Xenon tetrachloride

Identifiers
- CAS Number: 14989-42-5;
- 3D model (JSmol): Interactive image;
- PubChem CID: 149605668;

Properties
- Chemical formula: Cl_{4}Xe
- Molar mass: 273.09 g·mol^{−1}

Related compounds
- Related compounds: XeF_{4}, XeCl_{2}, XeCl

= Xenon tetrachloride =

Chemical compound

Xenon tetrachloride is an unstable inorganic compound with the chemical formula XeCl_{4}. Unlike most other noble gas/halide compounds, it cannot be synthesized by simply combining the elements, by using a more-active halogenating agent, or by substitution of other halides on tetrahaloxenon compounds.
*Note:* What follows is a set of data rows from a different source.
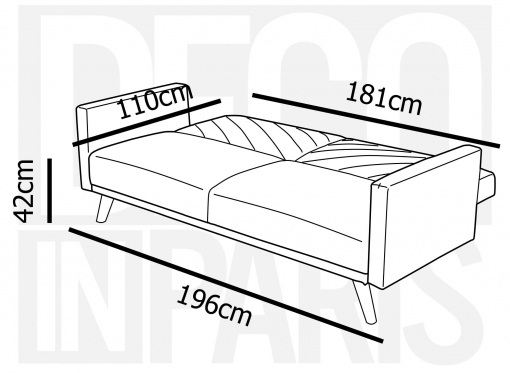 Canapé 3 places convertible scandinave en tissu vert d'eau BALDER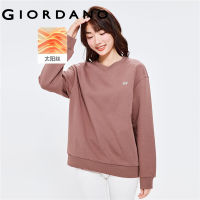 Giordanoผู้หญิง ตรายางกำมะหยี่ซันซิลพลัสเสื้อสเวตเตอร์คอกลมแบบหลวม Free Shipping 05322826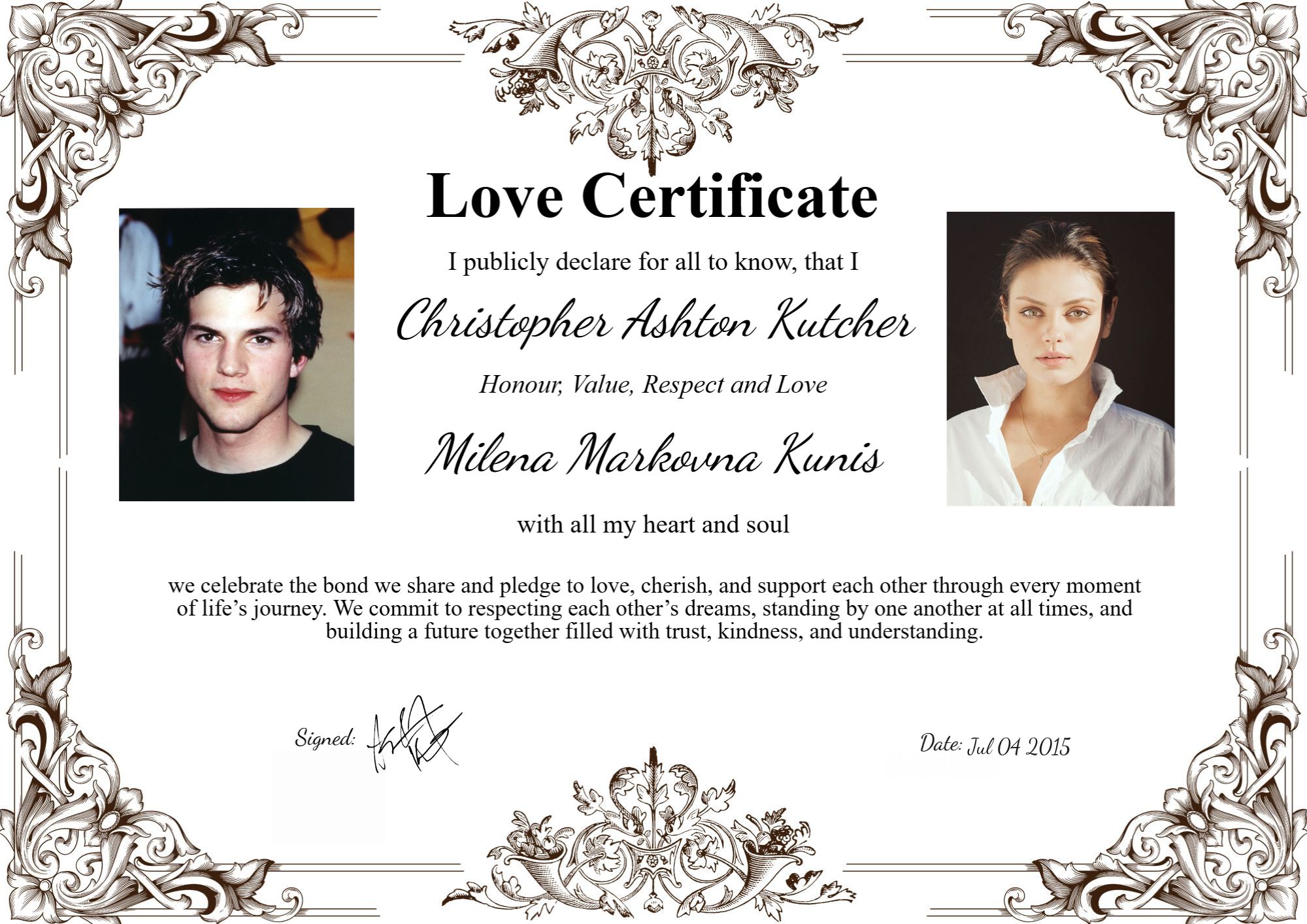 Hollywood actors Ashton Kutcher and Mila Kunis attending a public event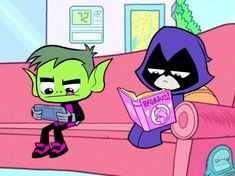 two cartoon characters are sitting on a couch and one has a book in his hand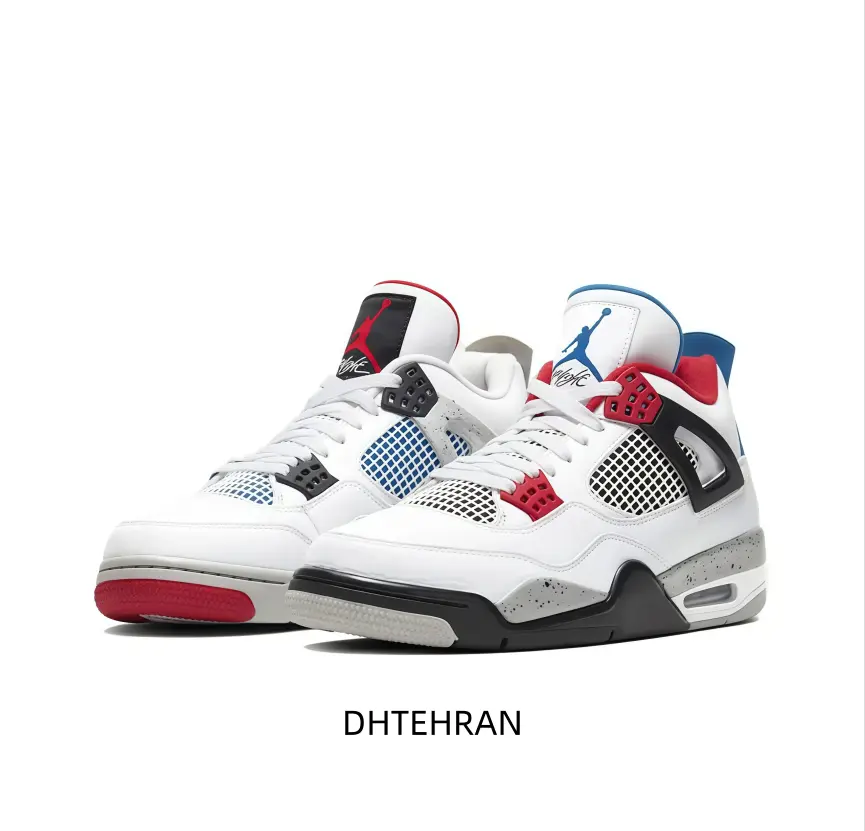 Unisex fashion athletic trainers, unique mismatched red-blue details on white upper, stable ankle support for walking and city outings.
Instead, a decay technique can be used, starting with K^{129}ICl_{4}. The iodine-129 atom of the ^{129}ICl_{4}^{−} covalent cluster is radioactive and undergoes beta decay to become xenon-129. The resulting XeCl_{4} molecule has a square planar molecular geometry analogous to xenon tetrafluoride.

Alternately, the product can be obtained by subjecting the elements to an electric discharge.

Xenon dibromide is another noble-gas halide that can only be synthesized by the decay technique.